Dataset excerpts
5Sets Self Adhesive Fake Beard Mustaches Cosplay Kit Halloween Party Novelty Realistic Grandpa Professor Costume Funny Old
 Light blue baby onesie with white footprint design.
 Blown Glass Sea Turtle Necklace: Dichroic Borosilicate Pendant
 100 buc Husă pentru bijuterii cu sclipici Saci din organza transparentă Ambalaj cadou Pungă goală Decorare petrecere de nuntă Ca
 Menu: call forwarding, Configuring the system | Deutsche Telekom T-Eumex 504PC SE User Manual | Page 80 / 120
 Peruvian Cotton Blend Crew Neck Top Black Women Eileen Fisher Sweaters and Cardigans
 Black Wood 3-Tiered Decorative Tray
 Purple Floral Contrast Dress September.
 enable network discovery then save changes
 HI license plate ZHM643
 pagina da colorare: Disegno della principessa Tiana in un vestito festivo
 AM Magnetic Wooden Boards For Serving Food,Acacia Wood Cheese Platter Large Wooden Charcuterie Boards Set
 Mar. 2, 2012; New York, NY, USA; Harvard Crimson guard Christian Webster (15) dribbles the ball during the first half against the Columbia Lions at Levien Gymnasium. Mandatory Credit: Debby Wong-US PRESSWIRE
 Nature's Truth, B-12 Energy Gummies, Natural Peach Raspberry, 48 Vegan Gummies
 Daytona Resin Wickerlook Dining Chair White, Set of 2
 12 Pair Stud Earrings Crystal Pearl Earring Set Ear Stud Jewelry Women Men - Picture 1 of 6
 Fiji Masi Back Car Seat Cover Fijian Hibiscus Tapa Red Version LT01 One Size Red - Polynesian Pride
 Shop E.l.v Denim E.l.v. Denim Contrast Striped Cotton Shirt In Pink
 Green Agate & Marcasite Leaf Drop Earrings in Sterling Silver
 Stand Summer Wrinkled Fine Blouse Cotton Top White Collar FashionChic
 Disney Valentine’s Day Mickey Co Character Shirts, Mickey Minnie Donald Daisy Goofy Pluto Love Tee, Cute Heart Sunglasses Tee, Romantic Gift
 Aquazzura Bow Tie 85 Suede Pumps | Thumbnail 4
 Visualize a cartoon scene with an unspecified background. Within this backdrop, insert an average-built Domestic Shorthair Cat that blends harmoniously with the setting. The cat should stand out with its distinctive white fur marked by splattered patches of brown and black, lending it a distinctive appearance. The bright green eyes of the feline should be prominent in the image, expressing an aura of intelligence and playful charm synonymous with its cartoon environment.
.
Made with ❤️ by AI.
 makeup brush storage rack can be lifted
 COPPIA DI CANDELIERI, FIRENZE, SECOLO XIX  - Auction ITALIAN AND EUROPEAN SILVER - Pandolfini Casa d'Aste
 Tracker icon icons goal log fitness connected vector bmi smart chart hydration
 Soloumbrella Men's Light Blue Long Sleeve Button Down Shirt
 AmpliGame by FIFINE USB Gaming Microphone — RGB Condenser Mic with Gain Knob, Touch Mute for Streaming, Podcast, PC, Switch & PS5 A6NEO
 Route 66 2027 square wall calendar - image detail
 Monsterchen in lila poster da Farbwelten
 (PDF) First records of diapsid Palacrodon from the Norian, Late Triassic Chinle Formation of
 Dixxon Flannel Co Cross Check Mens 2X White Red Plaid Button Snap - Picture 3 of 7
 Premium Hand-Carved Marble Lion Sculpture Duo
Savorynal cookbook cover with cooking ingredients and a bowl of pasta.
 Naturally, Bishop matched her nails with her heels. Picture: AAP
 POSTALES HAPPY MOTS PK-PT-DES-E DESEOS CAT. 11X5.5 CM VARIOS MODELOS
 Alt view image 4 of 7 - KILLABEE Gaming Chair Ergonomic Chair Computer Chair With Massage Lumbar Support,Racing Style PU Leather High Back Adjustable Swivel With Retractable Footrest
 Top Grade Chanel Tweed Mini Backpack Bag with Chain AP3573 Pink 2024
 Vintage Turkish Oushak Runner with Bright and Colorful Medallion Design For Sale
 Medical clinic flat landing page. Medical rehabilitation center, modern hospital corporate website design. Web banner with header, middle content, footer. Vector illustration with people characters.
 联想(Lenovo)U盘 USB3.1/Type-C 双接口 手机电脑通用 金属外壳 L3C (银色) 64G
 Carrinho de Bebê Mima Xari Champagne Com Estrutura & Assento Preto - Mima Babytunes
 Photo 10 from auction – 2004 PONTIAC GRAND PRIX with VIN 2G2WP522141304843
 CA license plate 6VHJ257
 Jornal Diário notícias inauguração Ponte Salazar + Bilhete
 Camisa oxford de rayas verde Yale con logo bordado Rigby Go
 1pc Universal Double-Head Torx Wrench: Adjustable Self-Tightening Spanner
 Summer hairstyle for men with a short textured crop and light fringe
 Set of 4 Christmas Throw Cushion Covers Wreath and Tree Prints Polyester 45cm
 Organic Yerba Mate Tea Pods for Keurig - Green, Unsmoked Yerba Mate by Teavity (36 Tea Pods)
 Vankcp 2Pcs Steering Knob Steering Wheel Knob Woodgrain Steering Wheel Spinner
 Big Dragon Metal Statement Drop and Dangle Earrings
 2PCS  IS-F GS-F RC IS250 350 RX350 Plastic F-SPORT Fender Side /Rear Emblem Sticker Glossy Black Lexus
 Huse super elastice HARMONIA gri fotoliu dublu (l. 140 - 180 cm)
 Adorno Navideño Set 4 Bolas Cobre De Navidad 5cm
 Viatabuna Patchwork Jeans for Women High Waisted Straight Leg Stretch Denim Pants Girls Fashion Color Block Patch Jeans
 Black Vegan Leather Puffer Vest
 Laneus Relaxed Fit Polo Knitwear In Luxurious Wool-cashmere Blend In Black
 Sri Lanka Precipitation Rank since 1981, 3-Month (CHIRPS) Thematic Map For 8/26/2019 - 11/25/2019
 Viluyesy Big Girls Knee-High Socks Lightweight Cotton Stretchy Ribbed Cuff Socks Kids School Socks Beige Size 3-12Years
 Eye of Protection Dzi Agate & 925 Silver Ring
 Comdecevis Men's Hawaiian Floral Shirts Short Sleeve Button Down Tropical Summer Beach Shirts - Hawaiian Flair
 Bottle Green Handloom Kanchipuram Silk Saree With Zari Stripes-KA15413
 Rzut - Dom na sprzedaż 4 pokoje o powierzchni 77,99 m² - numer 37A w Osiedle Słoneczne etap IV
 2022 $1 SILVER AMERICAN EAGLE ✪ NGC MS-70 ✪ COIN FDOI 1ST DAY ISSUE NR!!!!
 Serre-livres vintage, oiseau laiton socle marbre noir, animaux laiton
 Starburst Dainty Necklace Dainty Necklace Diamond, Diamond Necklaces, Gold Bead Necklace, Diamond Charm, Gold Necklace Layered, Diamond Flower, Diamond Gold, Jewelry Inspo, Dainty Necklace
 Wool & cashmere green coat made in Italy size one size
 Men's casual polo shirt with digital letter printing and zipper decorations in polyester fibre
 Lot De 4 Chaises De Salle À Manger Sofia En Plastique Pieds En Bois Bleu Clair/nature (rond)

> _What you are asked to do_: Among the records above, extract exactly the lines from the line with "Dixxon Flannel Co" to the line with "Naturally, Bishop matched", both lines included, and leave out the rest.

> _Exercise response_:
 Dixxon Flannel Co Cross Check Mens 2X White Red Plaid Button Snap - Picture 3 of 7
 Premium Hand-Carved Marble Lion Sculpture Duo
Savorynal cookbook cover with cooking ingredients and a bowl of pasta.
 Naturally, Bishop matched her nails with her heels. Picture: AAP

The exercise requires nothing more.